◆ **Problem to work on**:
Among the entries below, only the lines from the one with "Peaks of Otter Lodge Image" through the one with "Shirt Sport" are wanted, reproduced exactly. Pictures are not wanted.

◆ **Data**:
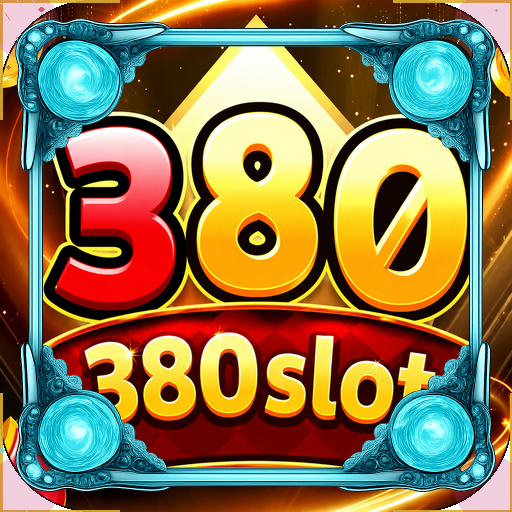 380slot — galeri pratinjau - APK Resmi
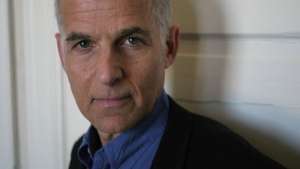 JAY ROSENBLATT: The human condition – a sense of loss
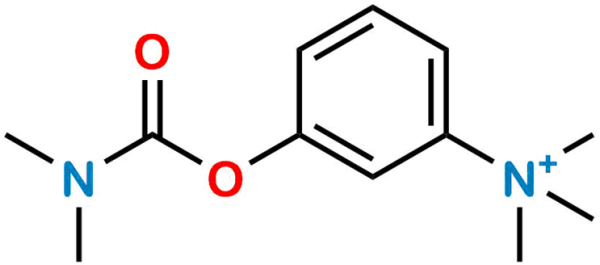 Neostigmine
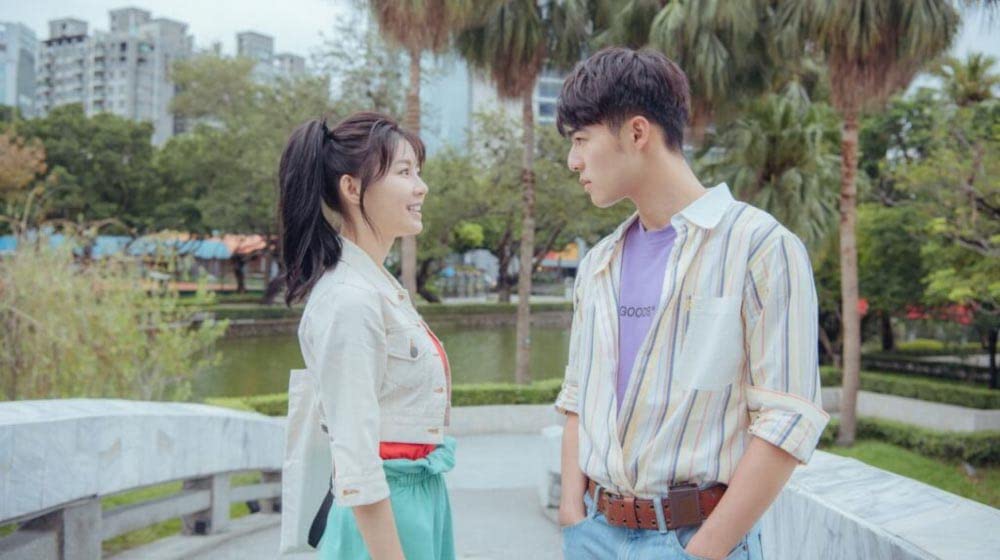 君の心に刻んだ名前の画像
---
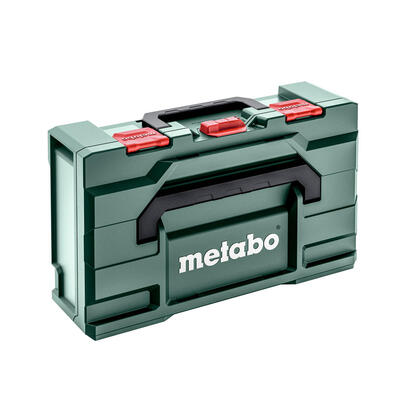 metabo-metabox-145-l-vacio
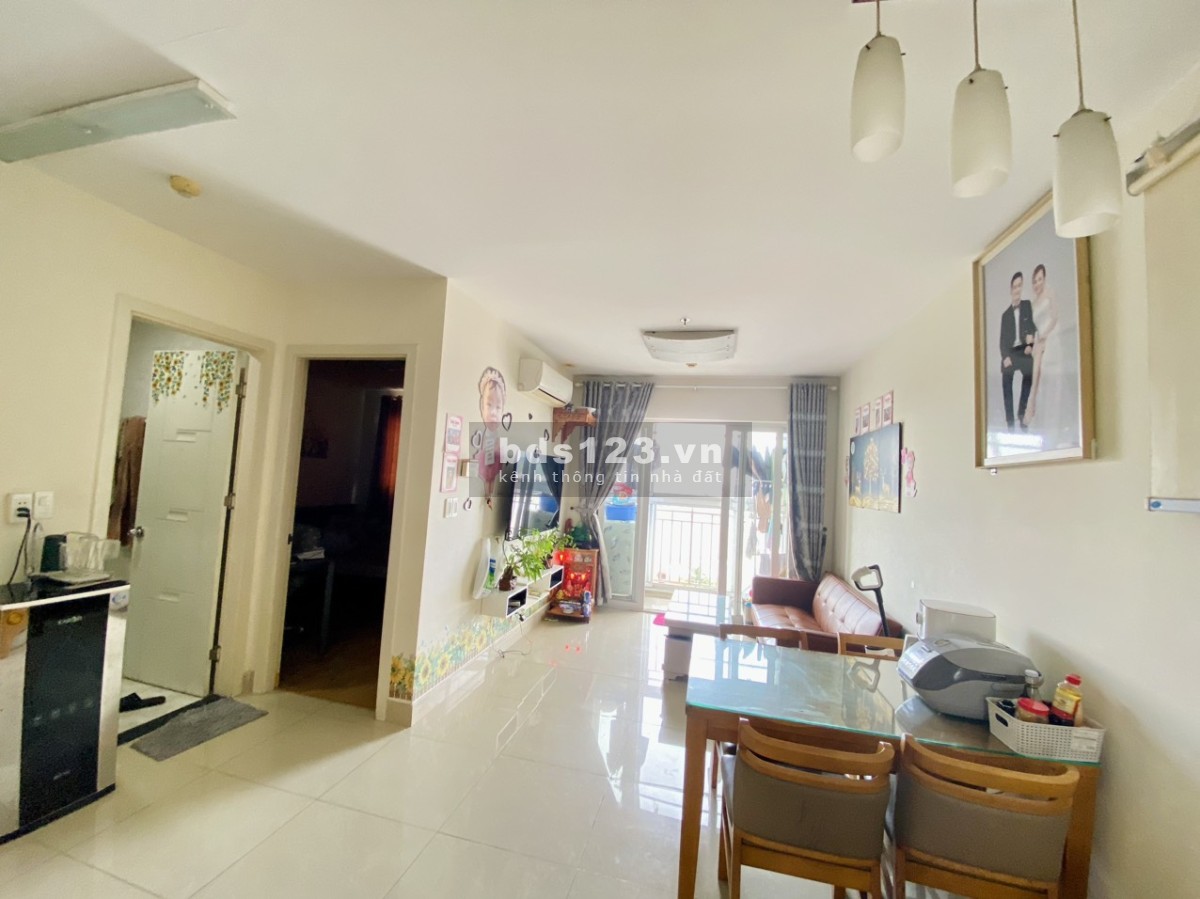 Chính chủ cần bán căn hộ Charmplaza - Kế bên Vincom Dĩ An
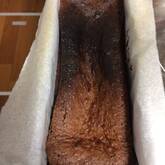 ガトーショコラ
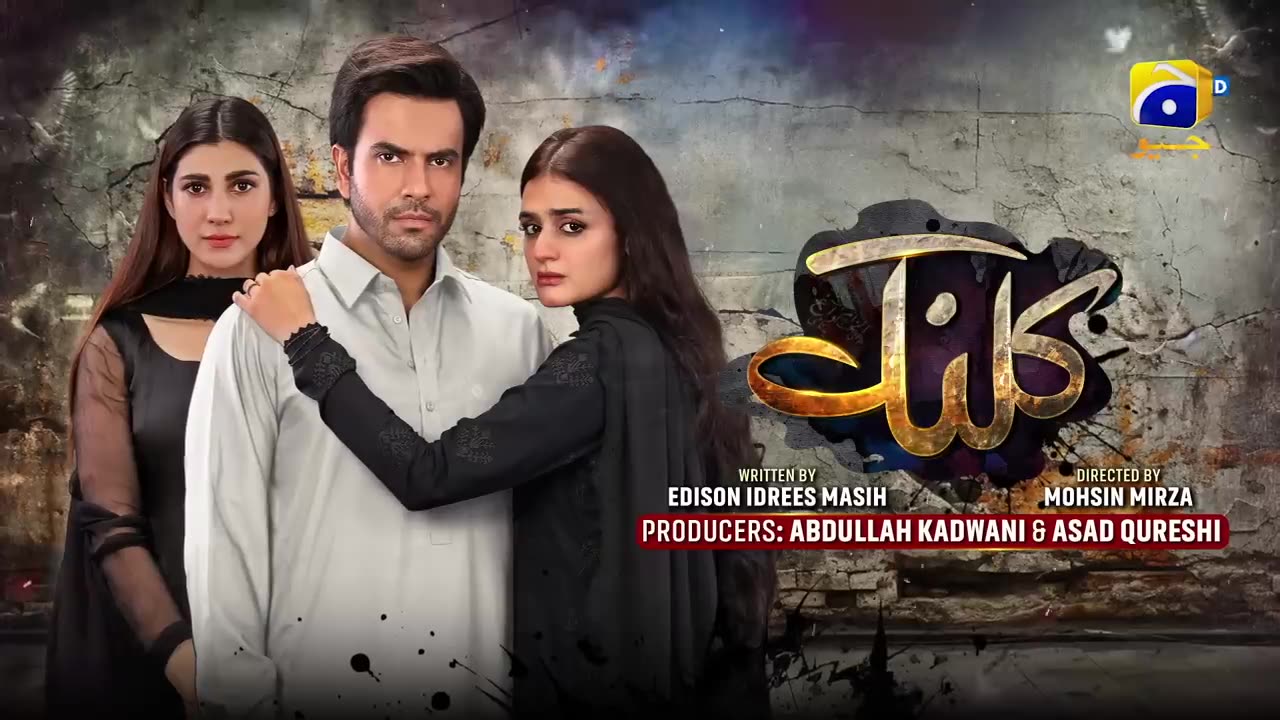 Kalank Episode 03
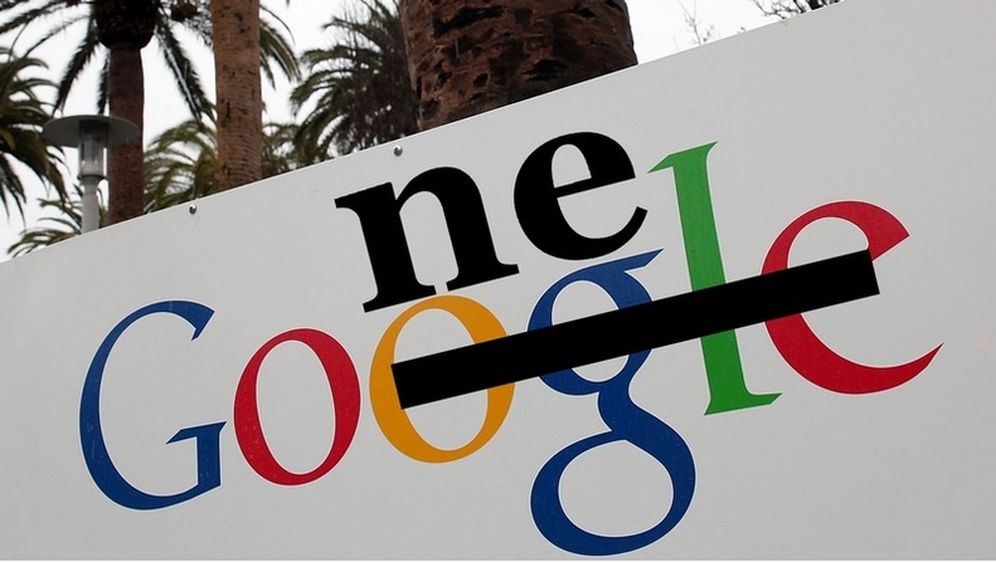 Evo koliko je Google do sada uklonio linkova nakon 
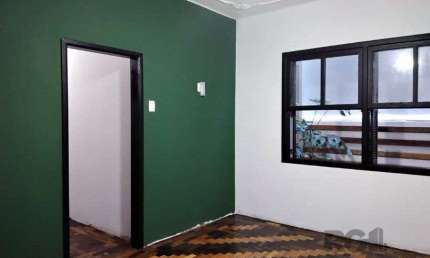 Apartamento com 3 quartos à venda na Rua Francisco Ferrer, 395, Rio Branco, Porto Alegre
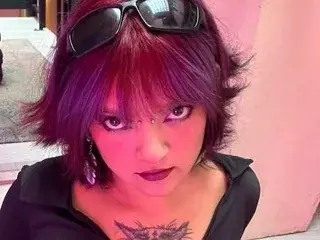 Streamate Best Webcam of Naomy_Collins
==
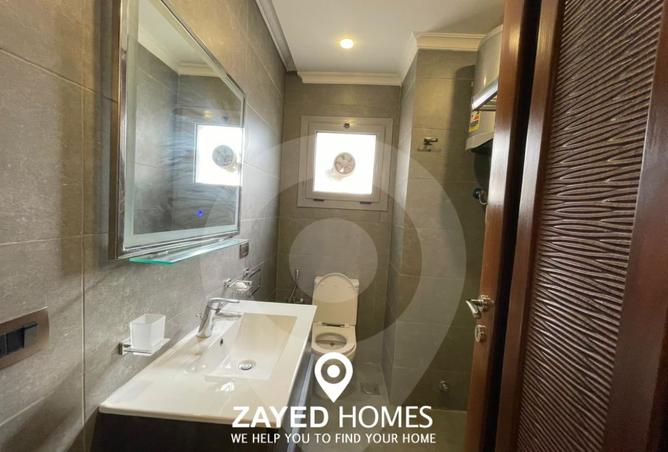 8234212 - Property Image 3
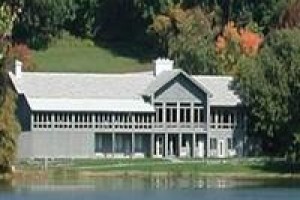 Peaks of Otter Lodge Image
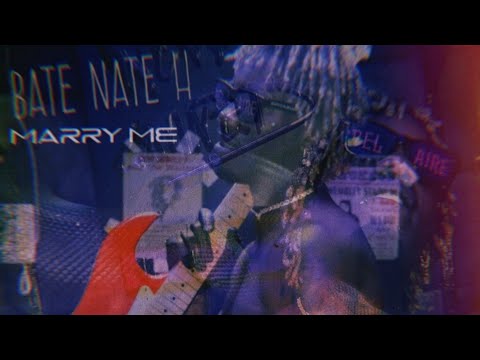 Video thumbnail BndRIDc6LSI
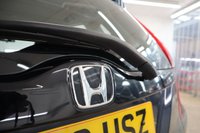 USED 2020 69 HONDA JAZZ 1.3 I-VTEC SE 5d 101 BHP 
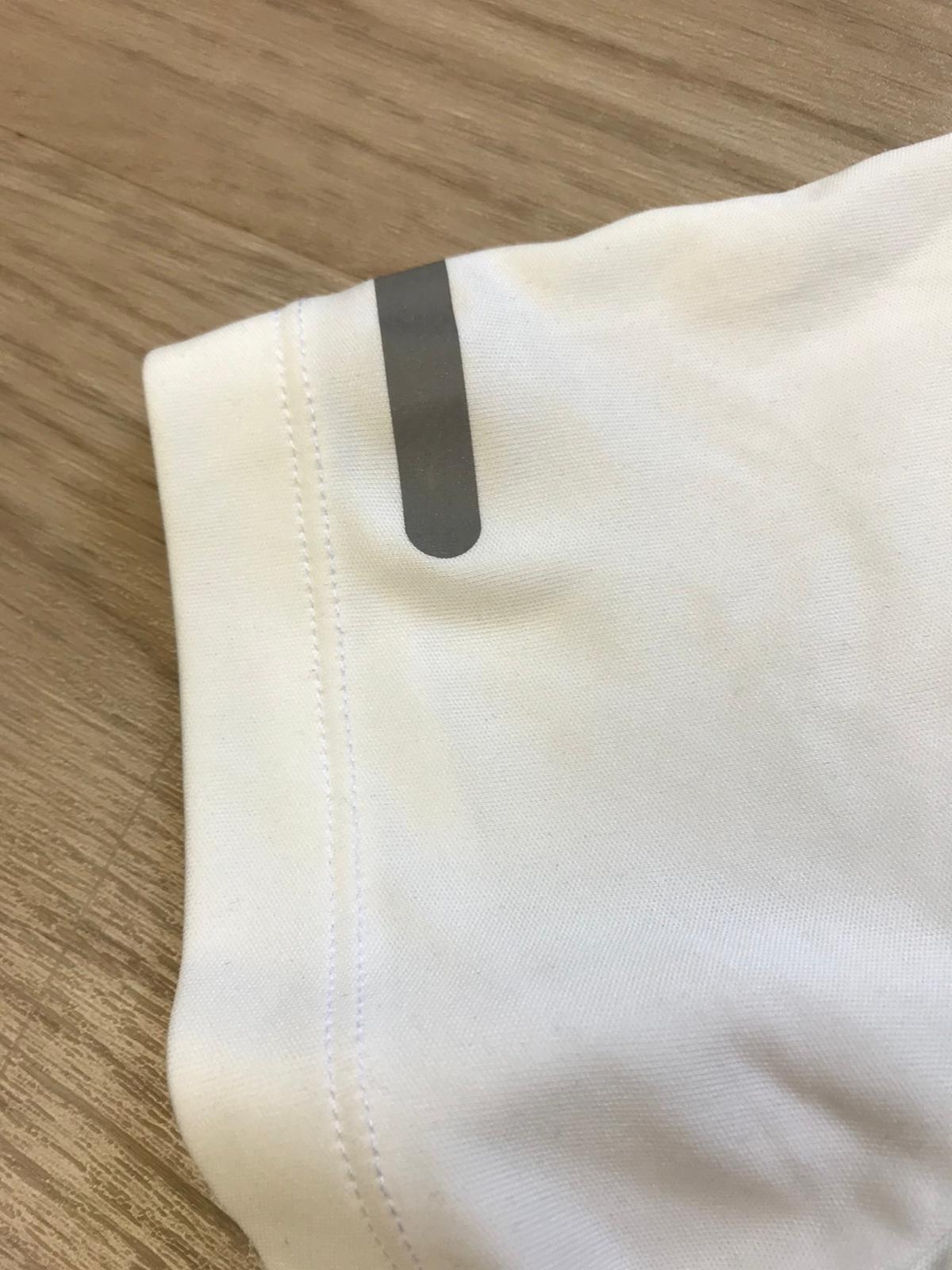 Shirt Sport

◆ **Solved exercise**:
 Peaks of Otter Lodge Image
 Video thumbnail BndRIDc6LSI
 USED 2020 69 HONDA JAZZ 1.3 I-VTEC SE 5d 101 BHP 
 Shirt Sport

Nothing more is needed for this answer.